» AIM OF THE EXERCISE: Each of the following records is to be printed verbatim.

== Segment start ==

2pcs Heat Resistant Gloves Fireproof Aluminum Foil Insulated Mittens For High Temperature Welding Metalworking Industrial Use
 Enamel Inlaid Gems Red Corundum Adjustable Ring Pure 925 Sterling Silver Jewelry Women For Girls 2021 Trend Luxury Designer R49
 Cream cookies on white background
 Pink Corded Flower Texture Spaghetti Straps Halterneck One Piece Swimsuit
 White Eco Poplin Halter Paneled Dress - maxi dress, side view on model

== Segment end ==

» EXPECTED OUTPUT:
2pcs Heat Resistant Gloves Fireproof Aluminum Foil Insulated Mittens For High Temperature Welding Metalworking Industrial Use
 Enamel Inlaid Gems Red Corundum Adjustable Ring Pure 925 Sterling Silver Jewelry Women For Girls 2021 Trend Luxury Designer R49
 Cream cookies on white background
 Pink Corded Flower Texture Spaghetti Straps Halterneck One Piece Swimsuit
 White Eco Poplin Halter Paneled Dress - maxi dress, side view on model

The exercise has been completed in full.